Private student loans could benefit students and banks.
By Alaina Webster
There’s a reason the current student debt conundrum in the U.S. is often referred to as a “crisis.” According to data from the Washington, D.C.-based Consumer Bankers Association, student loan debt has risen from $600 billion in 2008 to $1.5 trillion in 2018. Moreover, the New York Fed found that one in five borrowers in repayment is seriously delinquent or has defaulted on their student loans, and a recent chart from Raddon Research Insights shows that millennials who are shouldering student loan debt have higher levels of credit card and consumer loan debt but lower levels of real estate loan principle and lower deposit balances.

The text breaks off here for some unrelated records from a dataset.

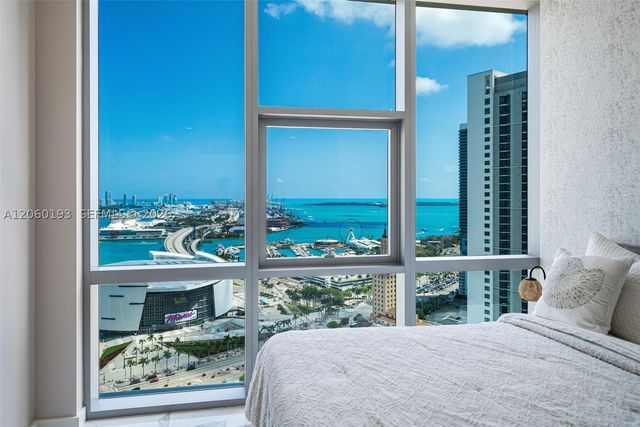 851 NE 1st Ave 2911, Miami, FL 33132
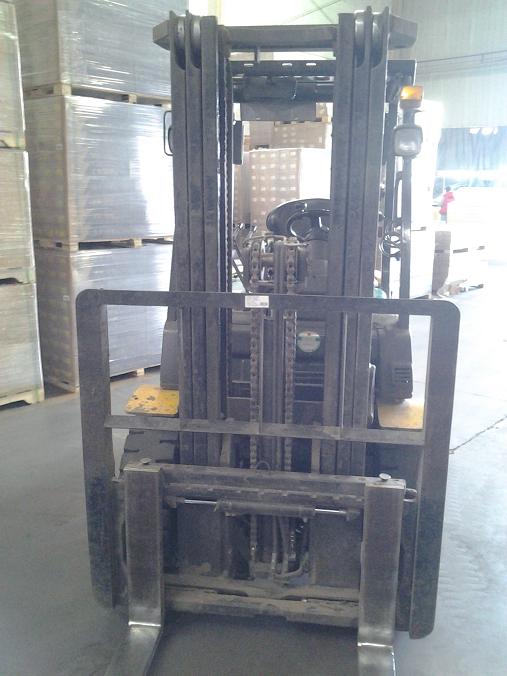 小松叉车/FD30T-16，3级门架中缸带侧移 FD30T-16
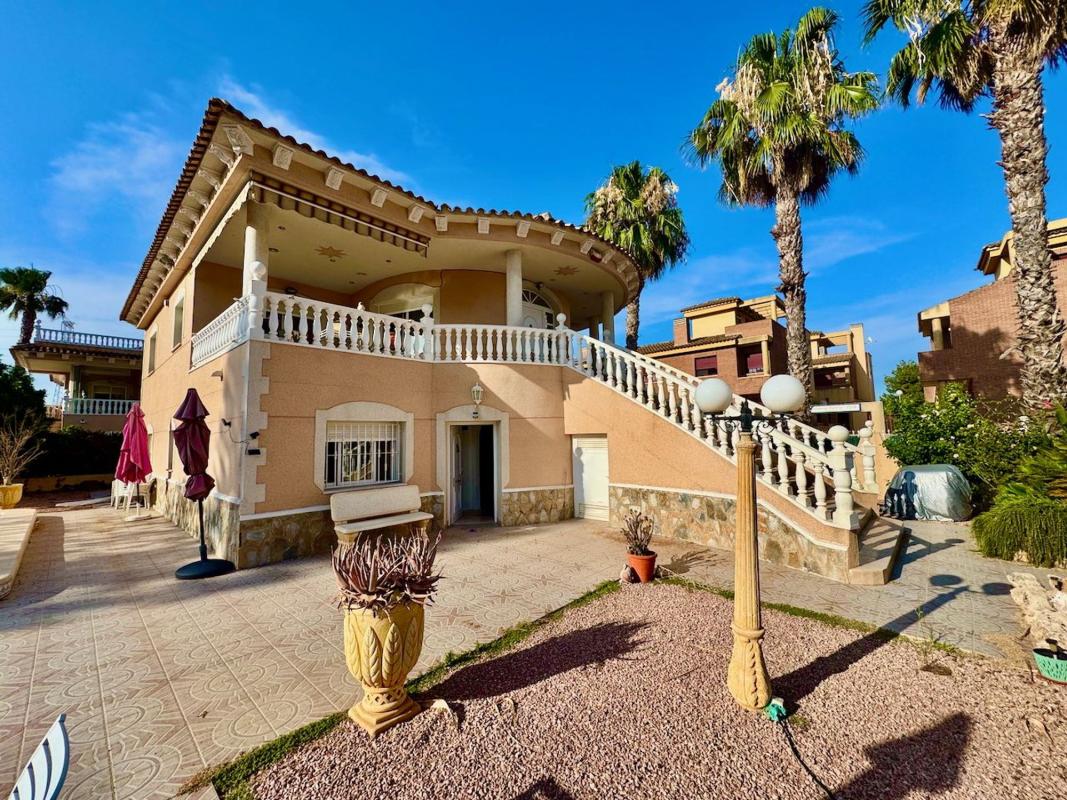 Sale of independent chalet in Benferri, Benferri
photo 1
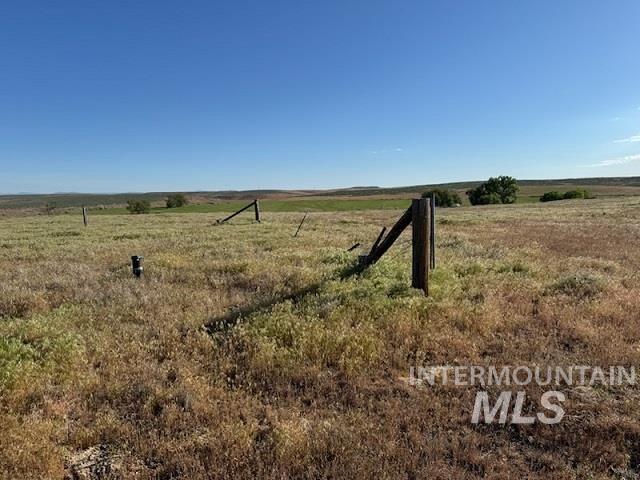 3886 W Elm Rd, Vale, OR 97918
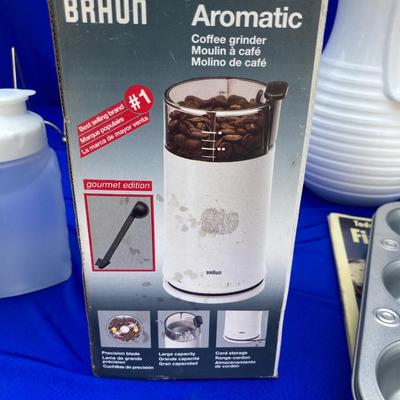 MORE GOOD KITCHEN STUFF, A NIB COFFEE GRINDER, COOL VINTAGE GLASS LIQUID MEASURER ,STONEWAVE  MICROWAVE DISH & MORE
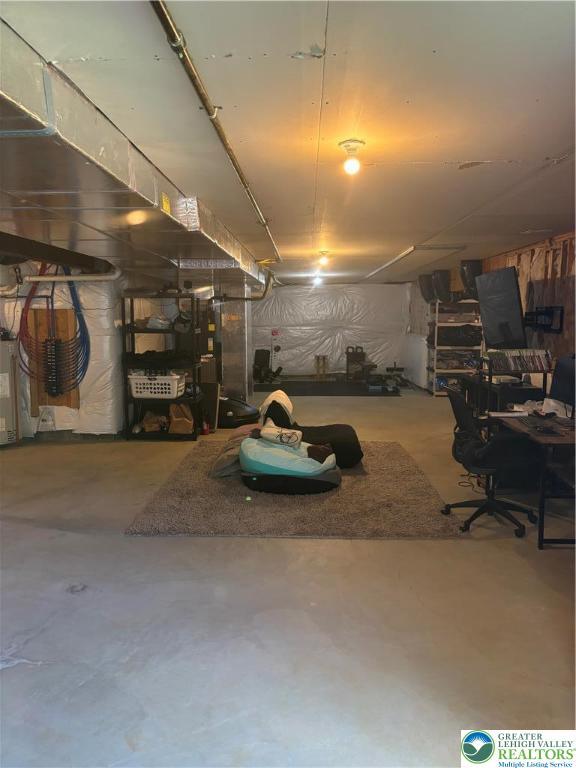 21 Millbrook Ct, Palmer Twp, PA 18045 - basement with water heater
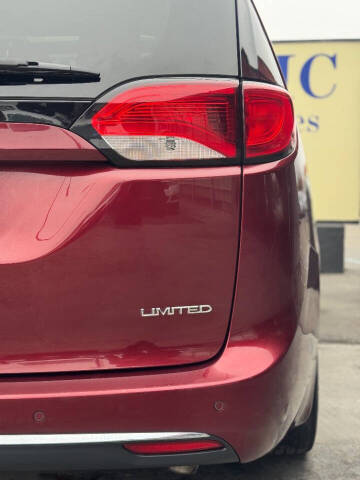 2017 Chrysler Pacifica Limited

If you’re wondering where student loan forgiveness programs come in, the long and short is they’re not as effective as one might hope. A December 2018 article in The Wall Street Journal noted that of the approximately 28,000 people who filed for debt forgiveness as of June of last year, only 96 had their loans forgiven. The application process is rigorous, the article stated, and many students take on debt assuming they will qualify for forgiveness programs they, in fact, do not.
So what about private student loans, those funded by banks, credit unions or specialty lenders? Per the CBA, one advantage of private loans is robust underwriting, which helps ensure students do not borrow more than they can afford to repay. Private loans also offer borrowers several options, ranging from fixed and variable interest rates to various repayment terms and multiple repayment options. Because there are numerous lenders in the field, they also provide competitive refinancing and loan rehabilitation alternatives.
However, in its report, 2018’s CFPB Student Loan Complaints, New Jersey-headquartered LendEDU found one complaint category for private student loans that doesn’t exist for federal loans: “getting a loan.” The report showed that loans are being issued and interest rates determined based on the borrower’s credit history and earnings potential (conversely, federal loan interest rates are determined yearly by Congress), and this can make securing a private student loan difficult, particularly for those in underserved and low-income communities.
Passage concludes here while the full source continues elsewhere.